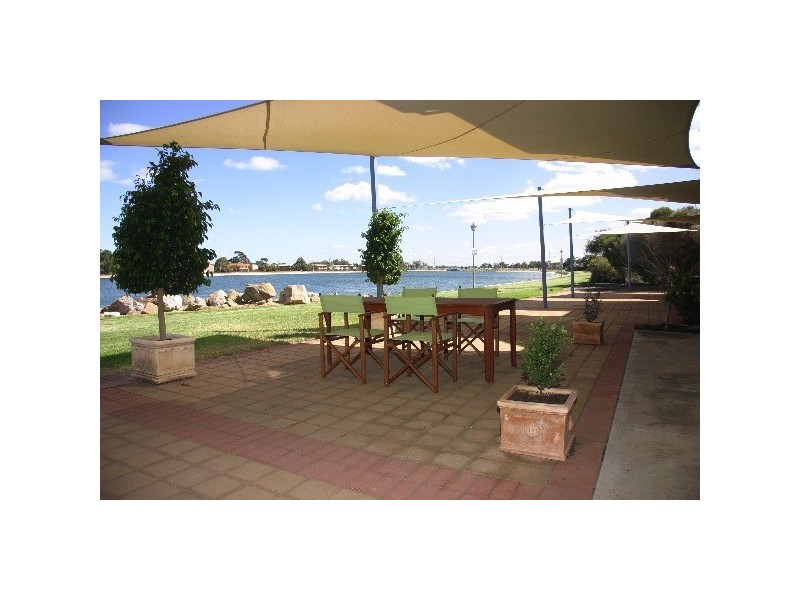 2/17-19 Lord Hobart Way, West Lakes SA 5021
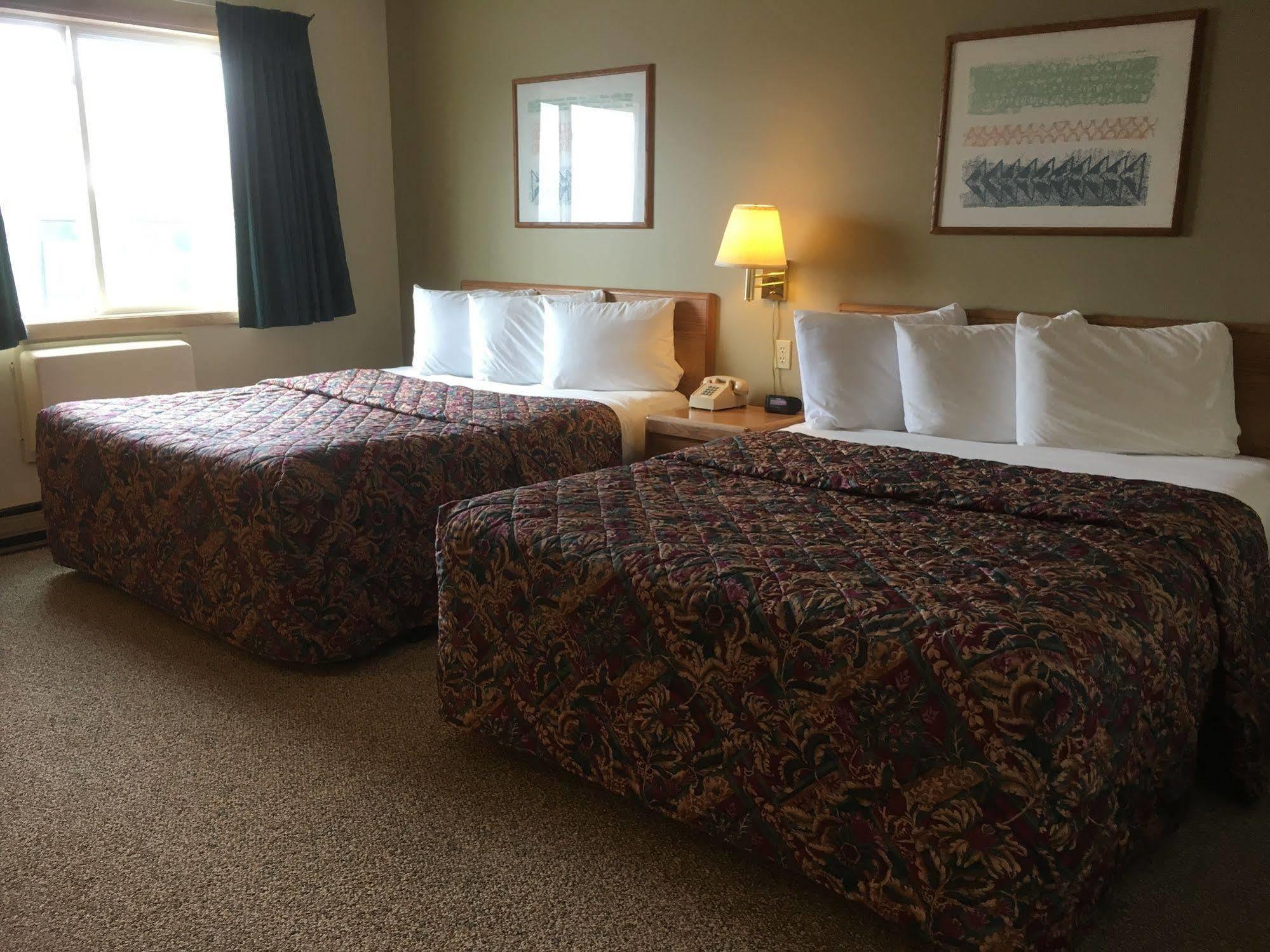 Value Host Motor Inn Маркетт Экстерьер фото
--
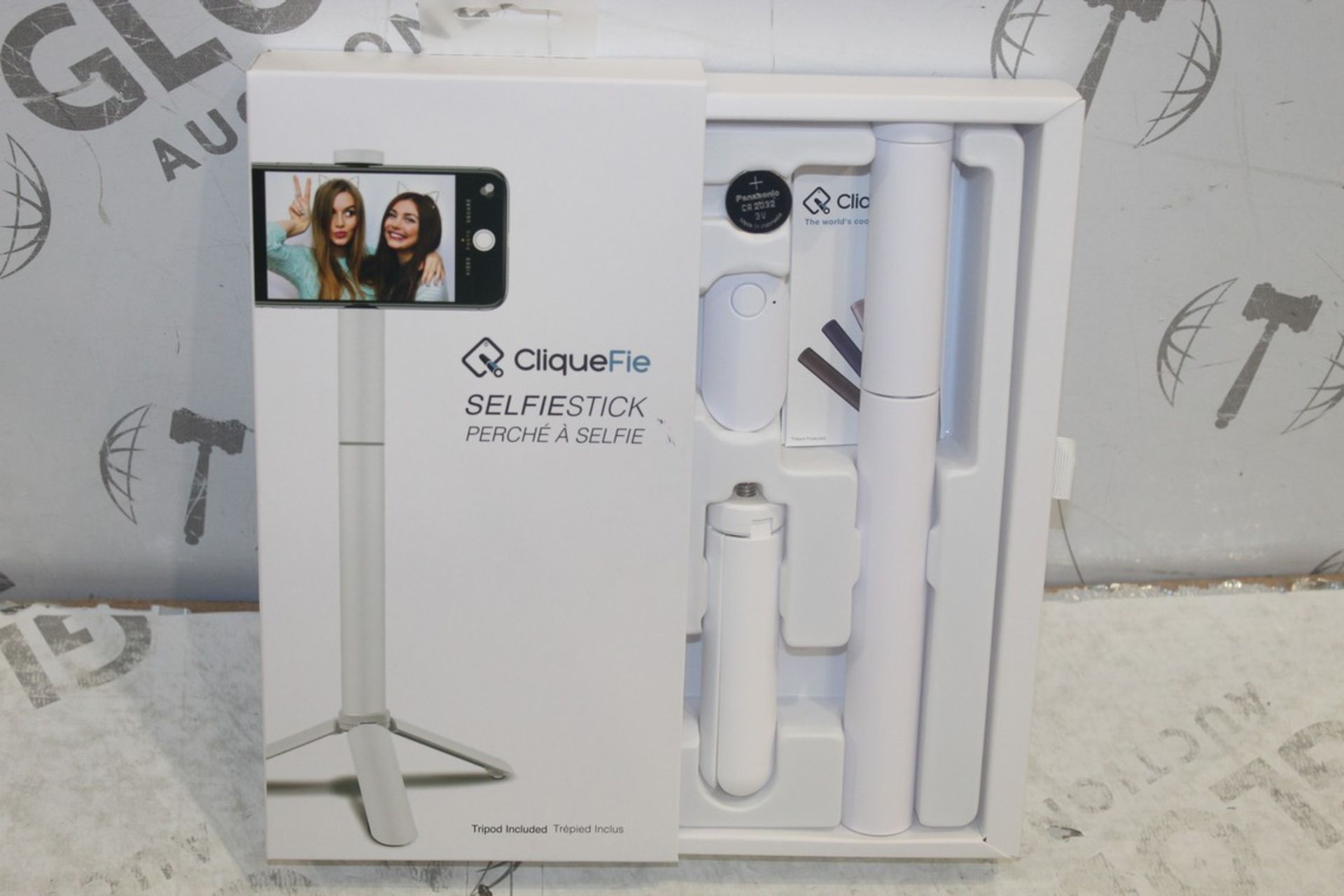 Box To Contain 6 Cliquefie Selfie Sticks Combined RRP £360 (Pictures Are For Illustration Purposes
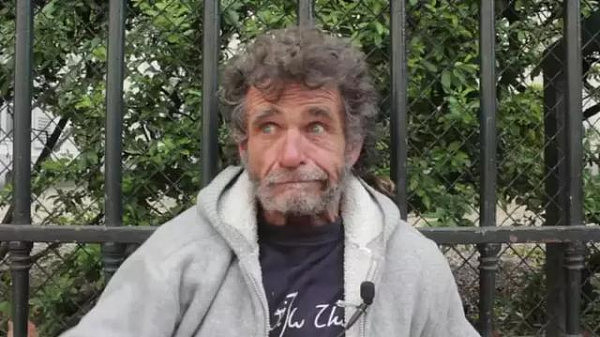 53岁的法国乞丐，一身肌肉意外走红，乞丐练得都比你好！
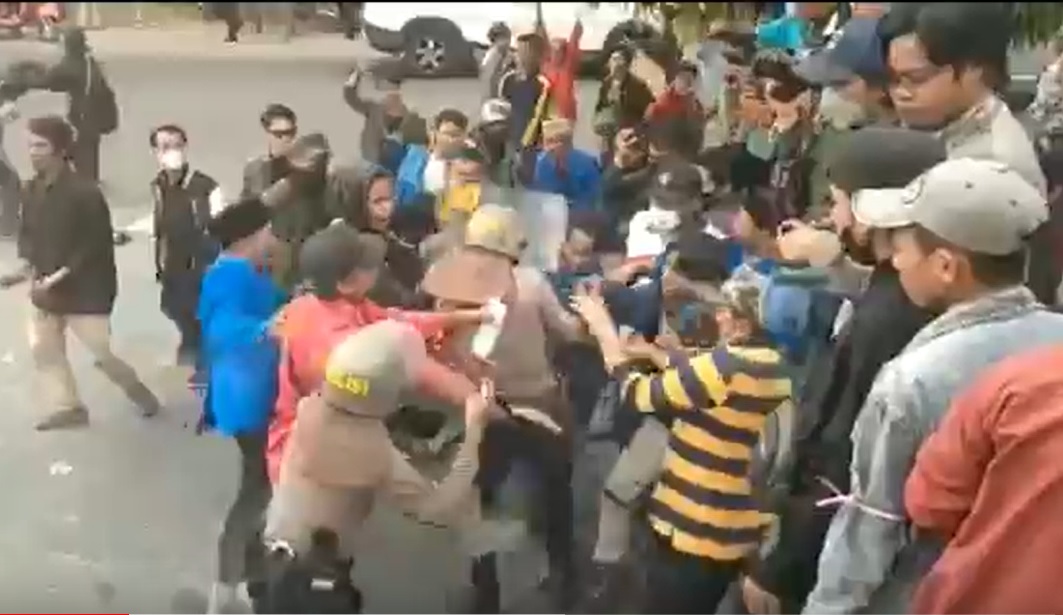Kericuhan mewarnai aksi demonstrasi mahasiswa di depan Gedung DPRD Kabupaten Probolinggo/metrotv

> **Your goal**: Taking the entries above, extract every line from the one bearing "2/17-19 Lord Hobart Way, West Lakes SA 5021" through the one bearing "Value Host Motor Inn Маркетт Экстерьер фото", exactly, with no pictures.

> **Final answer**:
 2/17-19 Lord Hobart Way, West Lakes SA 5021
 Value Host Motor Inn Маркетт Экстерьер фото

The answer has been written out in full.